Novo parênteses (me desculpe tantas interrupções): acabei de notar que o MNC não é uma boa, por dois motivos. Primeiro: vai que alguém se refira a ele como "Macedo, teu nobre colega", e um "Macedo TNC" não seria merecido com o nobre colega. Segundo, pelo risco de que alguma hora apareça no trabalho alguma "Yara, Minha Colega Admirável", e uma abreviatura com as iniciais induza um certo playboy meia bomba que faz cosplay de "não sou pulítico, sou jestor" e que gosta de se fantasiar de Village People para ir na Little Seul a achar que estou falando dele e me meter um processo. Fiquemos, então, com Macedo M, apenas, mas insisto para que o prezado leitor, a prezada leitora não seja preguiçoso ou preguiçosa ou ambos, e siga lendo Macedo, Meu Nobre Colega. Fecha parênteses. Ou melhor, abre outro, rapidinho: até pus a música aqui, pra acompanhar, achei que ficou supimpa. Agora fecha. Ou abre de novo para o tema nomes: acabei de notar que Fernández FDT ficou perto também de uma abreviatura infeliz, e que falado em voz alta pode ser confundido com um sonoro FDP, que Fernández não merece. Vamos convencionar, então, de usar só uma letra, assim, Fernández, Funcionário do Topo, o Fernández FDT, será apenas Fernández F. Agora fecha de verdade.
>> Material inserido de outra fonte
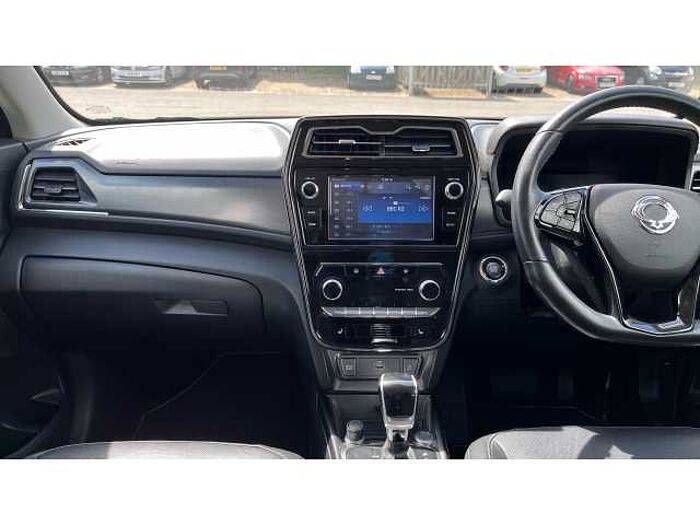 SsangYong Tivoli TIVOLI 1.5P Ultimate Auto 5dr 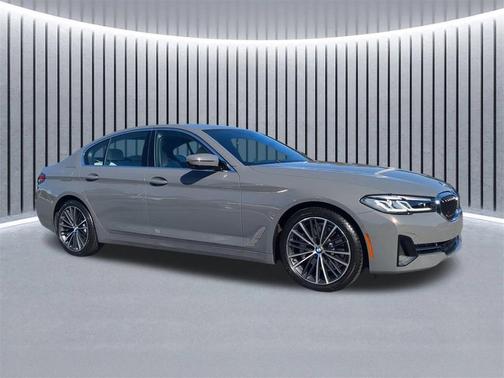 2021 BMW 530 i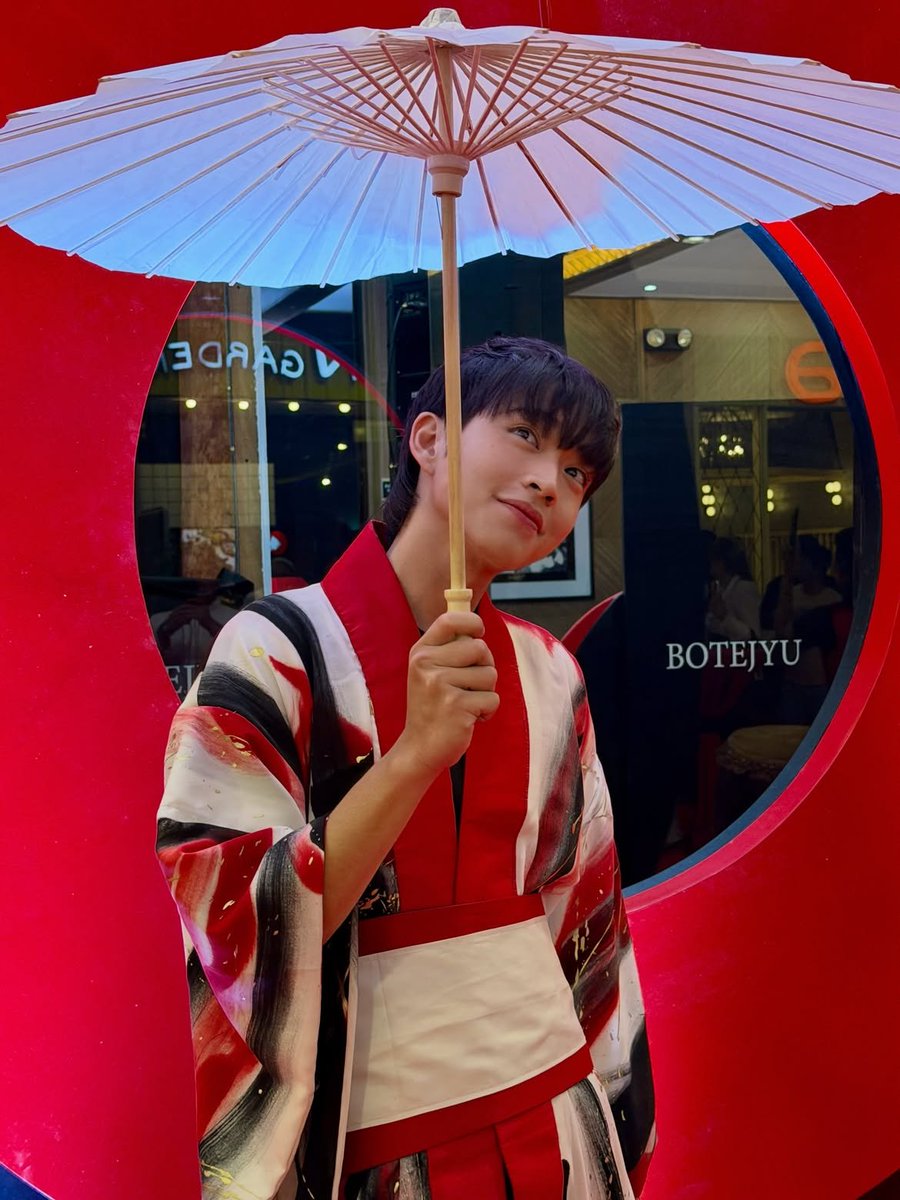 rabsimp's tweet photo. okaerinasai, young master yuri hanamitchi! 😭🩵

rabin at botejyu event! https://t.co/K3UlS8VjL7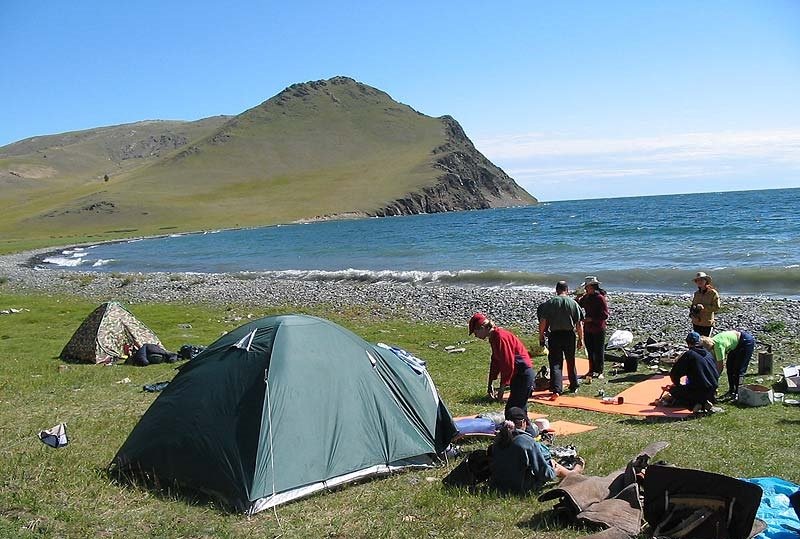 Комфорт гостиничного номера будет чередоваться с простотой палаточного лагеря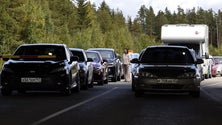 Imagem de Rússia admite fila de 2.300 carros que queriam atravessar para a Geórgia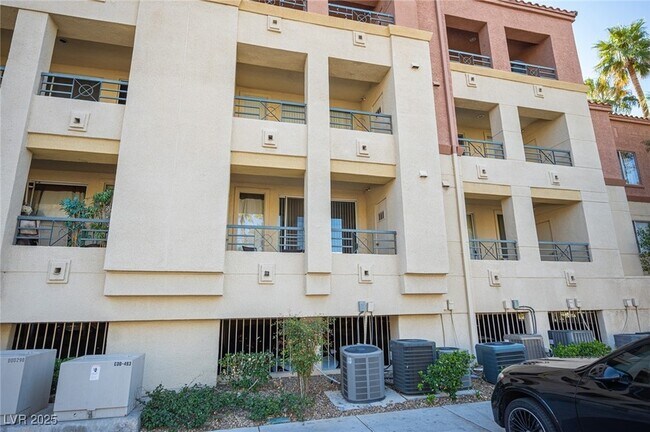 Building Photo - 220 E Flamingo Rd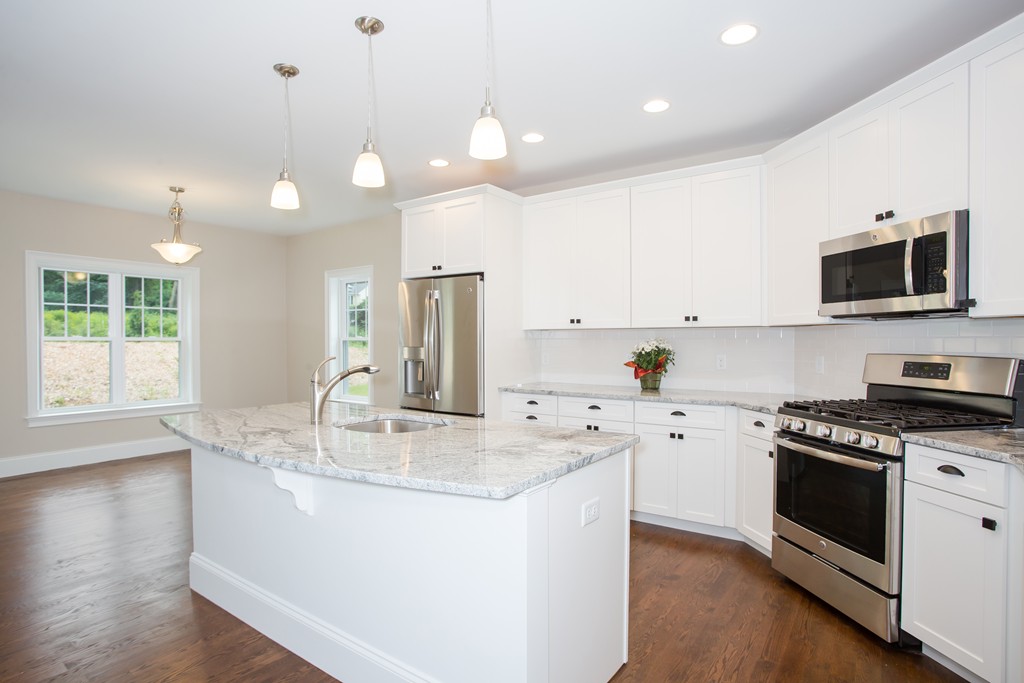21 Swift Road Bourne, MA 02562 - Photo 2 of 9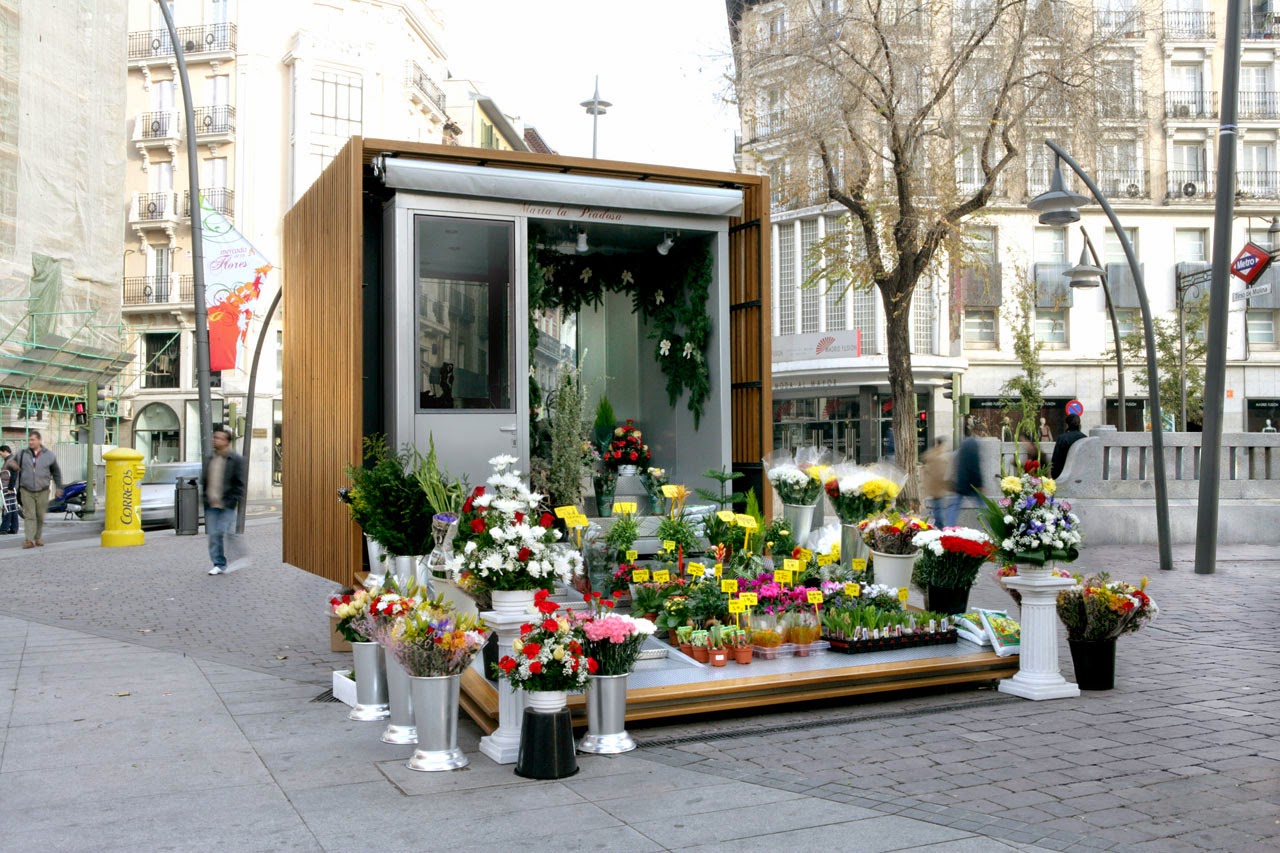 Puesto flores Tirso de Molina.jpg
Na verdade foram tantas interrupções que precisarei encerrar este texto sem narrar o que pretendia e que você que me lê esperava. Peço desculpas e paciência: creio que foi por um bom motivo: facilitar a compreensão e apresentar nosso herói, Macedo M (lembrou de ler "meu nome colega"?). Na verdade, o herói deveria ser eu, Sérgio S, mas trupiquei nesses parênteses e sem querer perdi até o protagonismo da crônica. Ou nem sei se foi tão sem querer, porque Macedo M (não esqueça do "Meu Nobre Colega"!), sempre eficiente e concentrado, costuma ganhar o protagonismo e os elogios dos chefes (e não reparar nas suas barras de gergelim da gaveta).


05 de dezembro de 2022

PS: Este é um texto ficcional, teoricamente de humor. Qualquer semelhança com a realidade é mera coincidência. A imagem também é ilustrativa.